New Delhi: In a historic day for working women, the Lok Sabka on Thursday passed the Maternity Benefit (Amendment) Bill, 2016, that seeks to increase the maternity leaves from existing 12 weeks to 26 weeks.
The momentous bill was passed just a day after the world celebrated International Women's Day which is held on March 8 each year.
The development surely is a significant moment for working women, particularly, who are pregnant or are planning to have a child because sufficient maternity leave is crucial for the health of mother and child.
For the Mother
A short maternity leave can have negative health outcomes for both mother and the child. Studies have shown that women with 3-month-old infants who worked full time reported feeling greater rates of depression, stress, poor health and overall family stress than mothers who were able to stay home - either because they didn’t have a job or because they were on maternity leave.
A short length or limited amount of maternity leave not only affects mother's health, but her newborn also suffers from it. Because when the mother has to go back to work too quickly, her health and the health of her child are at risk.
A number of studies indicated that mothers who experience depression and stress have a negative impact on their families’ overall wellness and on the health and cognitive development of their children.
“Numerous studies show that clinical depression in mothers as well as self-reported depressive symptoms, anxiety, and psychological distress, are important risk factors for adverse emotional and cognitive outcomes in their children, particularly during the first few years of life,” researchers noted in a 2011 study.
The study by the National Bureau of Economic Research found that “in the long run, working actually decreased moms’ depression and stress.
According to the researchers, the key to a healthy mother and child seems to be not necessarily staying out of the workforce entirely, but rather having the time to transition back to full-time work.
For the Baby
The length of maternity leave hugely impacts breastfeeding behaviour. We all know that breastfeeding is the most beautiful and precious thing a mother can do for her baby. Breast milk is best for the baby, and the benefits of breastfeeding extend well beyond basic nutrition. In fact, breastfeeding's protection against illness lasts beyond your baby's breastfeeding stage, too.
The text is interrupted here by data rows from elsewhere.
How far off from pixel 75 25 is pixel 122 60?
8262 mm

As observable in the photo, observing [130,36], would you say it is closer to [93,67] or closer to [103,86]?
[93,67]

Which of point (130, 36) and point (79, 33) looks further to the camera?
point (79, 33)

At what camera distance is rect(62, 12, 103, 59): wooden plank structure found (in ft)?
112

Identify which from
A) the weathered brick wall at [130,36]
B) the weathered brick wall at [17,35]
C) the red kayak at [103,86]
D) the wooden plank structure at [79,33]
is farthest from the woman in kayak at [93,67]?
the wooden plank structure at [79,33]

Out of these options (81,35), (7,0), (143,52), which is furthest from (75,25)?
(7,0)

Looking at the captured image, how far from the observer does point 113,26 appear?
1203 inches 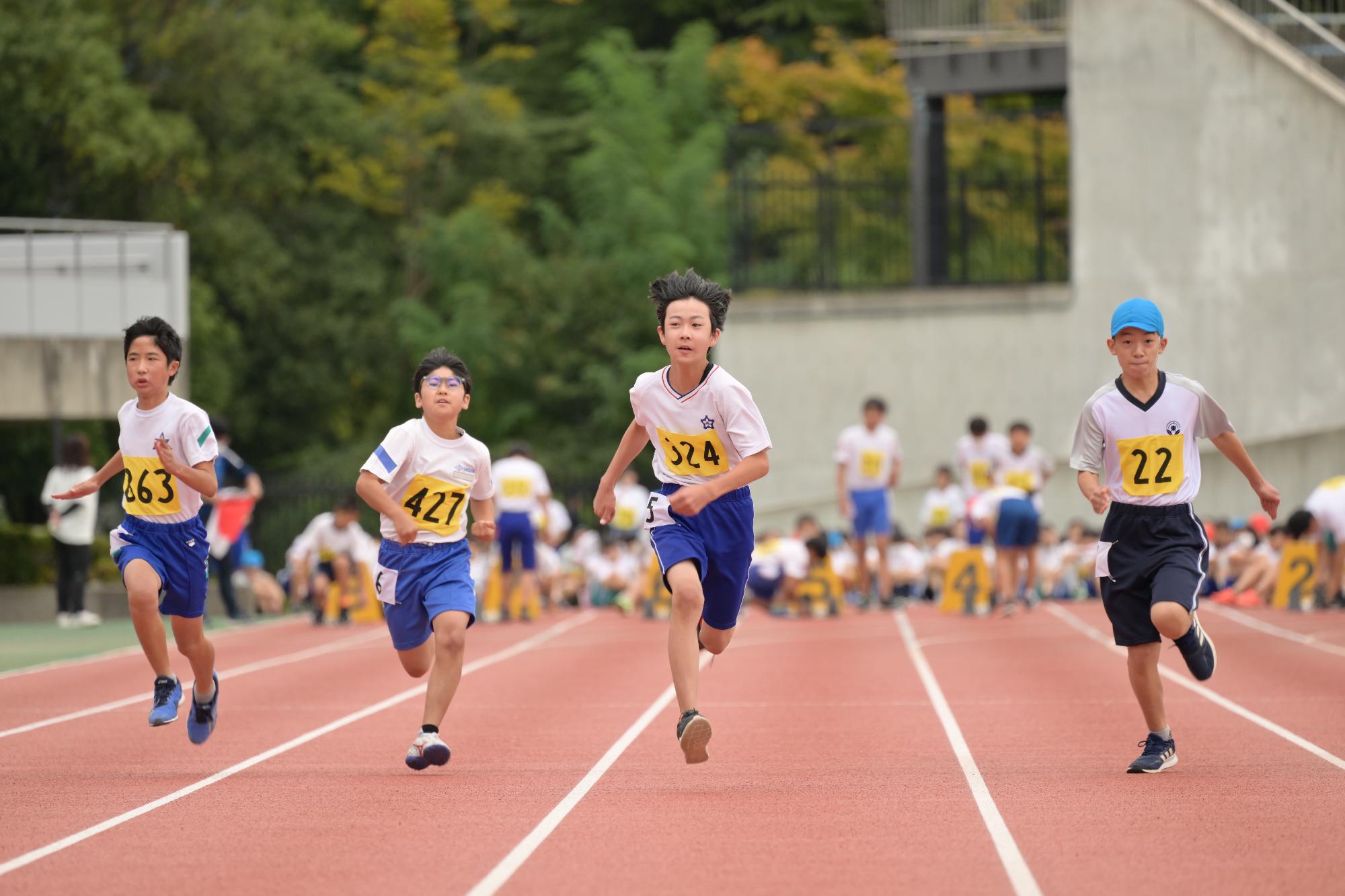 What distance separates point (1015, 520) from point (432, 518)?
11523 mm

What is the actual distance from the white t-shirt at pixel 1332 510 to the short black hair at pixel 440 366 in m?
13.4

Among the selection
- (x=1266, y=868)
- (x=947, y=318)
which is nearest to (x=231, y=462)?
(x=947, y=318)

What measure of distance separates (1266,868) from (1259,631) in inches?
473

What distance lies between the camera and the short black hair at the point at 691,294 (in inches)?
344

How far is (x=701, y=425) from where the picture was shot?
28.6 ft

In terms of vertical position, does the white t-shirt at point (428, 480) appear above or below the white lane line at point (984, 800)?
above

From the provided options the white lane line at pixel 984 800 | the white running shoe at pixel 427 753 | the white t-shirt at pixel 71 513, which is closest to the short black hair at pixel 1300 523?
the white lane line at pixel 984 800

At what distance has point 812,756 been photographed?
958 cm

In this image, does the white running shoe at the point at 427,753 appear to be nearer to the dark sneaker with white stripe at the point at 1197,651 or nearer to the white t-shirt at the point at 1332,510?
the dark sneaker with white stripe at the point at 1197,651

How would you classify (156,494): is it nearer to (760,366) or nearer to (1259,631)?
(1259,631)

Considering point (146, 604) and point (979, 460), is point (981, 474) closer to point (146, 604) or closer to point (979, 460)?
point (979, 460)

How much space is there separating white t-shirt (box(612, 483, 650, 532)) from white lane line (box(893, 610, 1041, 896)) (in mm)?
10183

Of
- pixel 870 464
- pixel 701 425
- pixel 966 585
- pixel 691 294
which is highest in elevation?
pixel 691 294

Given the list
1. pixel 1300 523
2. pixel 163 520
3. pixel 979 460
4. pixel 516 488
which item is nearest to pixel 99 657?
pixel 516 488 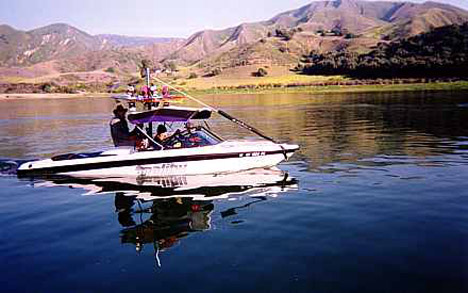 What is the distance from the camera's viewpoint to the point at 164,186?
1576cm

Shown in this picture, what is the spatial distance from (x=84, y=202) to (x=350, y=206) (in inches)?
311

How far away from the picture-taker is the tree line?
96.0 m

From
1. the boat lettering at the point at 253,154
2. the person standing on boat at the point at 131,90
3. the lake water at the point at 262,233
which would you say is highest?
the person standing on boat at the point at 131,90

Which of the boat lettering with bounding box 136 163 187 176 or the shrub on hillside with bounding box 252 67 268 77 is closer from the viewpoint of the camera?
the boat lettering with bounding box 136 163 187 176

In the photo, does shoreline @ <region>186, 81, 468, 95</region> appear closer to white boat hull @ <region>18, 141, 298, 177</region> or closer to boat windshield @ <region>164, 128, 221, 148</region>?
white boat hull @ <region>18, 141, 298, 177</region>

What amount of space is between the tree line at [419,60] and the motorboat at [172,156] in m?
87.5

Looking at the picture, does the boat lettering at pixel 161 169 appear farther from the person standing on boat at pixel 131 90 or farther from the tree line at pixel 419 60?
the tree line at pixel 419 60

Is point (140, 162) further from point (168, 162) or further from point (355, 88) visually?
point (355, 88)

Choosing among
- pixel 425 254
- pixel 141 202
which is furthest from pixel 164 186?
pixel 425 254

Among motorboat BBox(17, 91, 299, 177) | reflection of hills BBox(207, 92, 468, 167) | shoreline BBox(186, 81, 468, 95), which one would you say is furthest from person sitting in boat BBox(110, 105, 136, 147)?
shoreline BBox(186, 81, 468, 95)

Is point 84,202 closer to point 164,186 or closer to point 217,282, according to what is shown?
point 164,186

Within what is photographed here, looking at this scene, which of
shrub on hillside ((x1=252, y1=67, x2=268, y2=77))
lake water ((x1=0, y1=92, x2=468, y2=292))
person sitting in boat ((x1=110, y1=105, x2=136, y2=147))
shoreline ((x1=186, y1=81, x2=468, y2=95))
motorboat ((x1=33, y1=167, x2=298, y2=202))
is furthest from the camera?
shrub on hillside ((x1=252, y1=67, x2=268, y2=77))

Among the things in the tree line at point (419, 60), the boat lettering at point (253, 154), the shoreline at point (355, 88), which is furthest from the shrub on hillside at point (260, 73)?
the boat lettering at point (253, 154)

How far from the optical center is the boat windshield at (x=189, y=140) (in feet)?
54.2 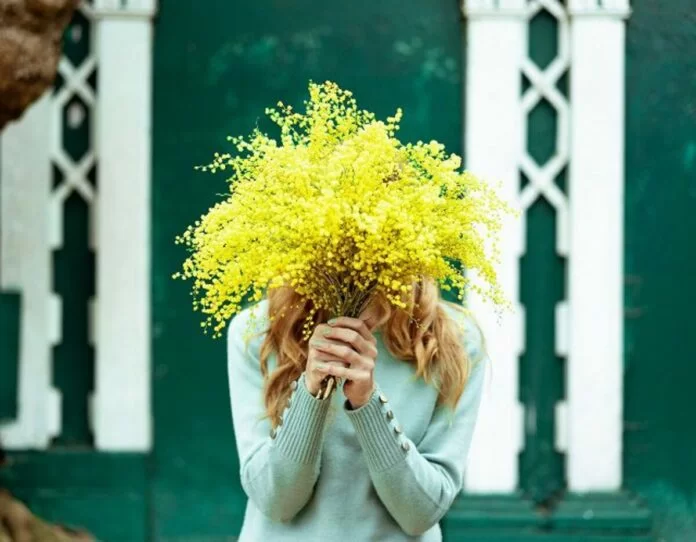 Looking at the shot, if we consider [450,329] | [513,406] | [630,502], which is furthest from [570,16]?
[450,329]

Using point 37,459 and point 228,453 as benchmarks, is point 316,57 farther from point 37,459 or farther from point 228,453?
point 37,459

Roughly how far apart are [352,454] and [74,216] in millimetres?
3672

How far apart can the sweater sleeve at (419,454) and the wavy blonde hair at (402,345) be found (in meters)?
0.05

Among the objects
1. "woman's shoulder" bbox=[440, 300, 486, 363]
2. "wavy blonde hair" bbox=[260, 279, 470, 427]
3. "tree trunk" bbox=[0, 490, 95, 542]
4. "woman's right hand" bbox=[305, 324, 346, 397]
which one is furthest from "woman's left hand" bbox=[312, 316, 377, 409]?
"tree trunk" bbox=[0, 490, 95, 542]

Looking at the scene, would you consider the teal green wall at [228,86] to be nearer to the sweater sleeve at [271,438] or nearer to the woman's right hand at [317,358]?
the sweater sleeve at [271,438]

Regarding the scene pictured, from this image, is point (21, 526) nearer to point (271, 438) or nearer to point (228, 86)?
point (228, 86)

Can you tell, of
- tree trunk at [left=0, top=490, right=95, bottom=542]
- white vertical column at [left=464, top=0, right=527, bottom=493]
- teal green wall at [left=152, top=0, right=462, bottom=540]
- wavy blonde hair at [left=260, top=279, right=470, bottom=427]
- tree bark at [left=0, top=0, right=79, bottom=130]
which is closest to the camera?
wavy blonde hair at [left=260, top=279, right=470, bottom=427]

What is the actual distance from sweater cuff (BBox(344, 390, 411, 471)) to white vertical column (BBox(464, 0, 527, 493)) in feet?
11.2

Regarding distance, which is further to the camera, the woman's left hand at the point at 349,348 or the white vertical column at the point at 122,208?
the white vertical column at the point at 122,208

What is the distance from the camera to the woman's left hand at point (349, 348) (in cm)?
250

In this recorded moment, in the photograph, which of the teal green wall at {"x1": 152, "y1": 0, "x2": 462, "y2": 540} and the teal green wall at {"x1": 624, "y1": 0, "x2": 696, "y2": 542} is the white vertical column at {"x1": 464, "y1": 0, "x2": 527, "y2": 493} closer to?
the teal green wall at {"x1": 152, "y1": 0, "x2": 462, "y2": 540}

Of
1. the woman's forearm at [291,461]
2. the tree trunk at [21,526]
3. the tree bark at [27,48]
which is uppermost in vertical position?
the tree bark at [27,48]

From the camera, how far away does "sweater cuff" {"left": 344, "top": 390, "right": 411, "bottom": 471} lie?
A: 8.46 ft

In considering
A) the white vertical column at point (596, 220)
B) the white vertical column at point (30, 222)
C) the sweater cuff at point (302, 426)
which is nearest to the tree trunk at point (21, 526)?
the white vertical column at point (30, 222) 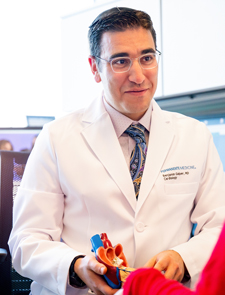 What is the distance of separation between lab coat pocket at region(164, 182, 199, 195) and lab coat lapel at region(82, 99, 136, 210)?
130mm

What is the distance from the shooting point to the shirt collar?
1.25m

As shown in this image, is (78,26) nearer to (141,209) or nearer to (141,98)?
(141,98)

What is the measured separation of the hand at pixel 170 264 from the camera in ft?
3.11

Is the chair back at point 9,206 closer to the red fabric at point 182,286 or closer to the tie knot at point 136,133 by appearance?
the tie knot at point 136,133

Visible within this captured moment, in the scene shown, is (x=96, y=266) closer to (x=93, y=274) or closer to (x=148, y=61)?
(x=93, y=274)

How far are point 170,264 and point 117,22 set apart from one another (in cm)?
82

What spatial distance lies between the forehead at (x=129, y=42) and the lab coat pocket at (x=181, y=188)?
0.47 meters

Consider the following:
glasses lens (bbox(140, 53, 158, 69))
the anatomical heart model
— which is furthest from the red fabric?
glasses lens (bbox(140, 53, 158, 69))

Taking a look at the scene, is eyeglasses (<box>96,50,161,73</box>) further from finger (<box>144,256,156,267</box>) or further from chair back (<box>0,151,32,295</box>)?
finger (<box>144,256,156,267</box>)

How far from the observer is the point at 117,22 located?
120 cm

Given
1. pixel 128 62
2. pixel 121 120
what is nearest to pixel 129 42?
pixel 128 62

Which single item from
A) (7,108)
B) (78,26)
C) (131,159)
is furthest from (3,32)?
(131,159)

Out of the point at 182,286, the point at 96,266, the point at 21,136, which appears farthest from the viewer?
the point at 21,136

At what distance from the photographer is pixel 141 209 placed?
3.67 feet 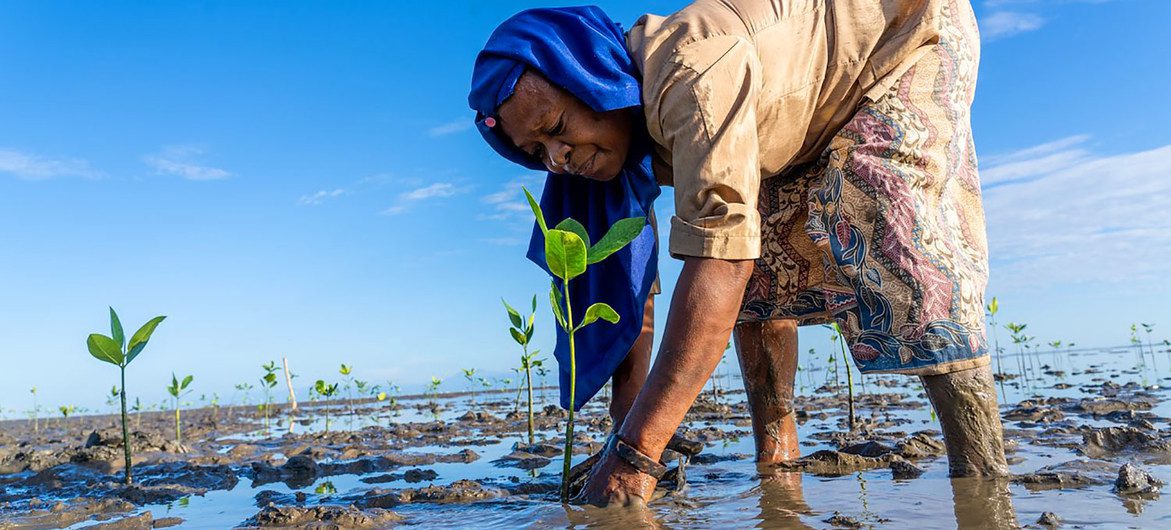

WHO recommends exclusive breastfeeding starting within one hour after birth until a baby is 6 months old. Nutritious complementary foods should then be added while continuing to breastfeed for up to 2 years or beyond.
A sufficient maternity leave will help a mother breastfeed her baby smoothly, which is the most important thing for the newborn.
For families and everyone
While it's obvious that mothers and babies will benefit from the Maternity Bill, it isn’t just them, everyone benefits from measures protecting maternity at the workplace.
When the mother and baby are healthier, happier, more rested, and less stressed, their health also improved. Because babies are sick less often, mothers don't require much leaves, which in turn benefits employers also having a more contented and productive workforce due to less employee absenteeism.
Most importantly, the bill will help both families and nations save on healthcare costs, with lower morbidity and mortality rates.
The Maternity Benefit Act, 1961, which will benefit about 1.8 million women, protects the employment of women during the time of her maternity and entitles her full paid absence from work, to take care for her child.
The new law will apply to all establishments employing 10 or more people and the entitlement will be for only up to first two children. The maternity leave beyond the first children will continue to be only 12 weeks.